What you will do — Below, locate the line that contains "Montecalvario House |". Repeat exactly from that line to the line that contains "Chống dịch ở", inclusive, leaving out the pictures.

Supplied material —

---------------

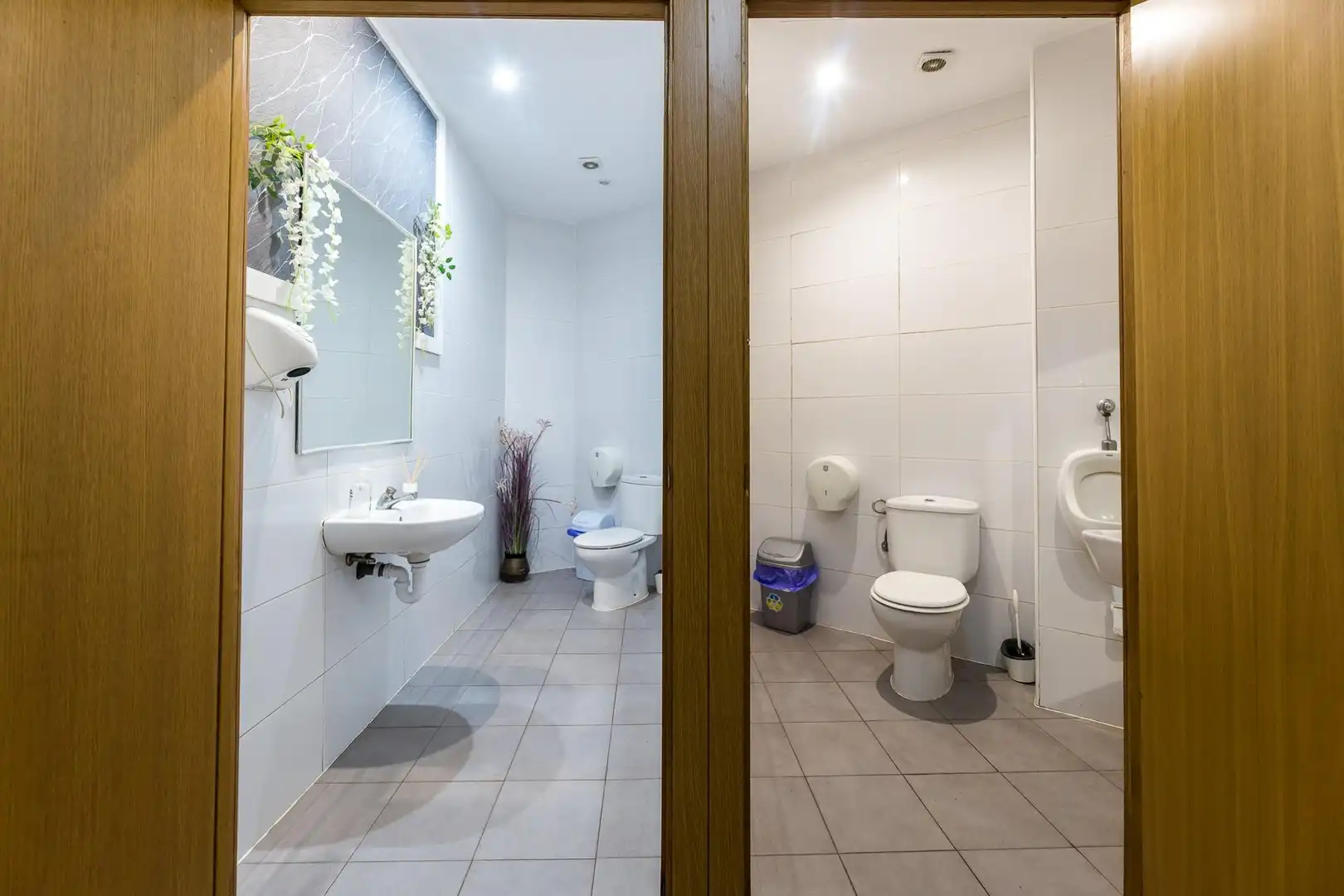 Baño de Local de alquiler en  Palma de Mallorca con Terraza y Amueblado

---------------

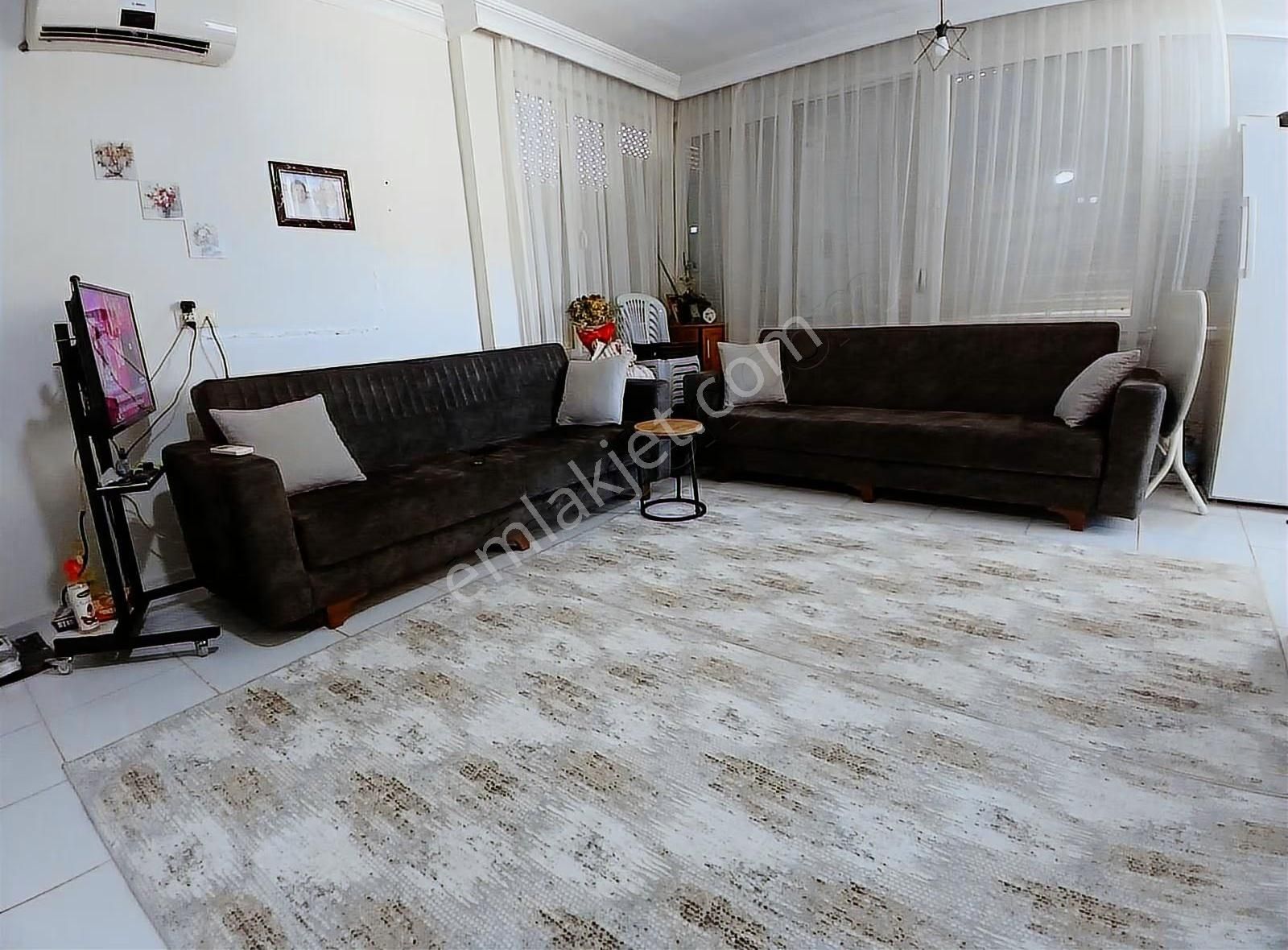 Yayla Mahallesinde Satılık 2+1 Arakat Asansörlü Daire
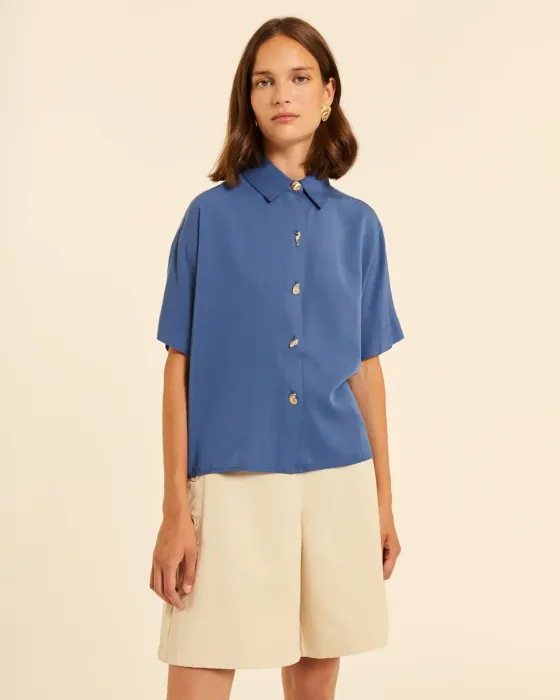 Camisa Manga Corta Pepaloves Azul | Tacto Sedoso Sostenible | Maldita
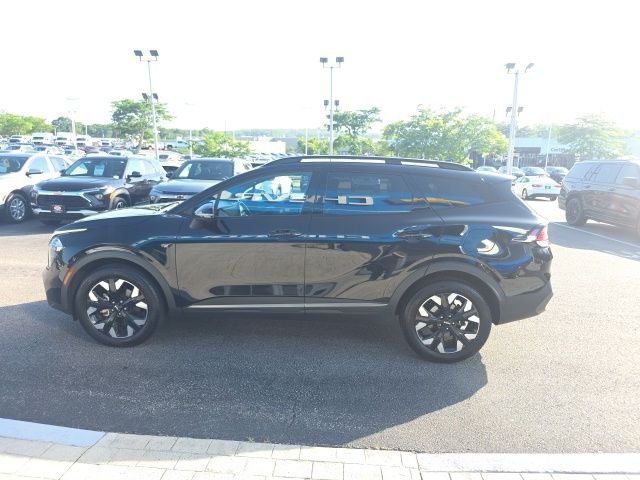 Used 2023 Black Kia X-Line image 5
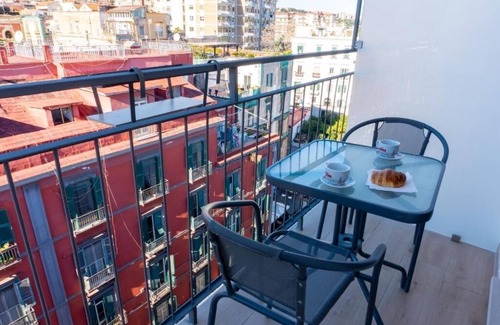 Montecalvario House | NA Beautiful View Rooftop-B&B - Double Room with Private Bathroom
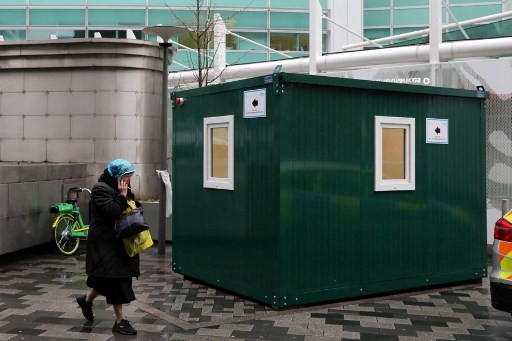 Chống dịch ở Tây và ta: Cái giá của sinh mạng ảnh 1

---------------

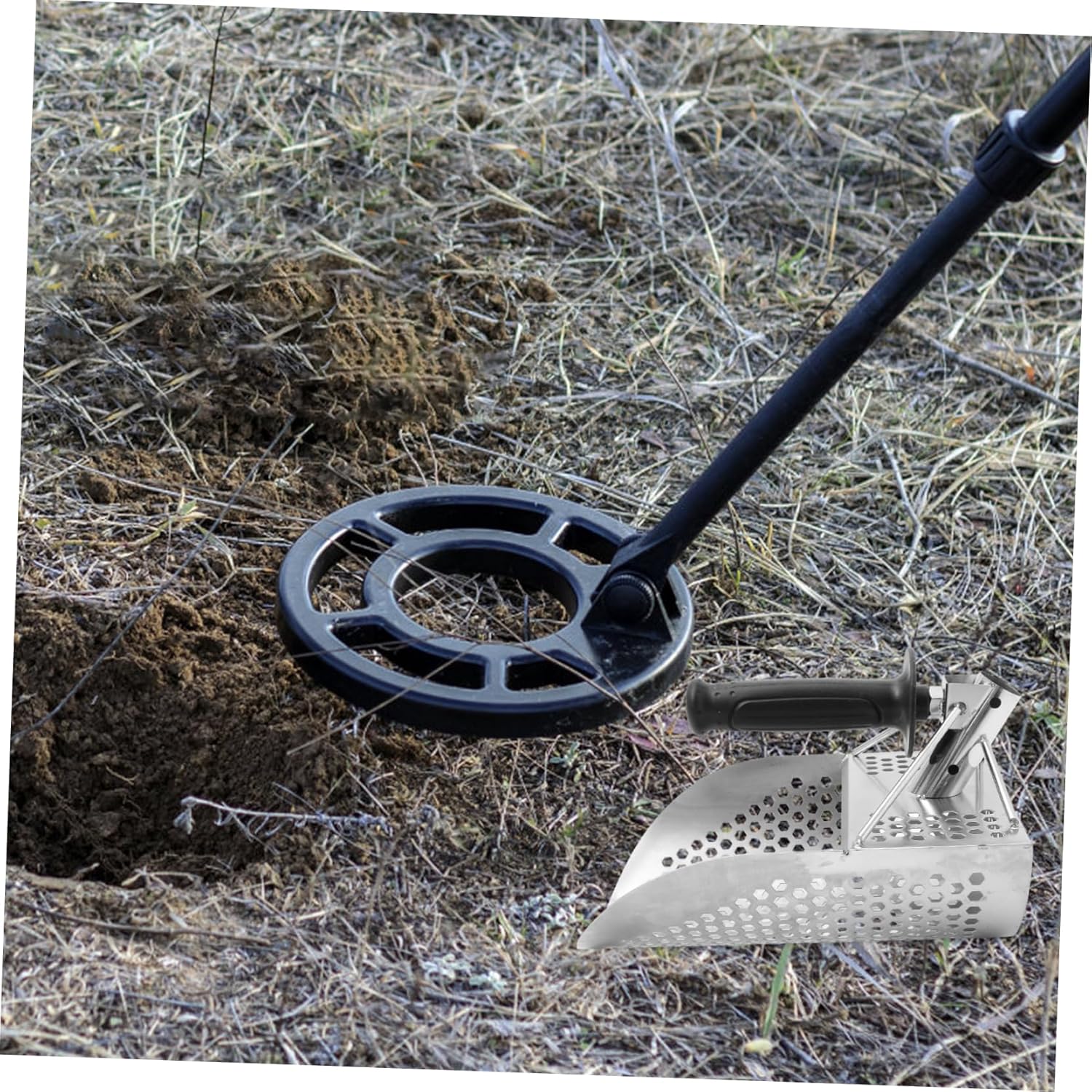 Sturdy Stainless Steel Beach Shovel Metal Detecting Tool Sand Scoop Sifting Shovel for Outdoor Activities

---------------

Result of this task —
 Montecalvario House | NA Beautiful View Rooftop-B&B - Double Room with Private Bathroom
 Chống dịch ở Tây và ta: Cái giá của sinh mạng ảnh 1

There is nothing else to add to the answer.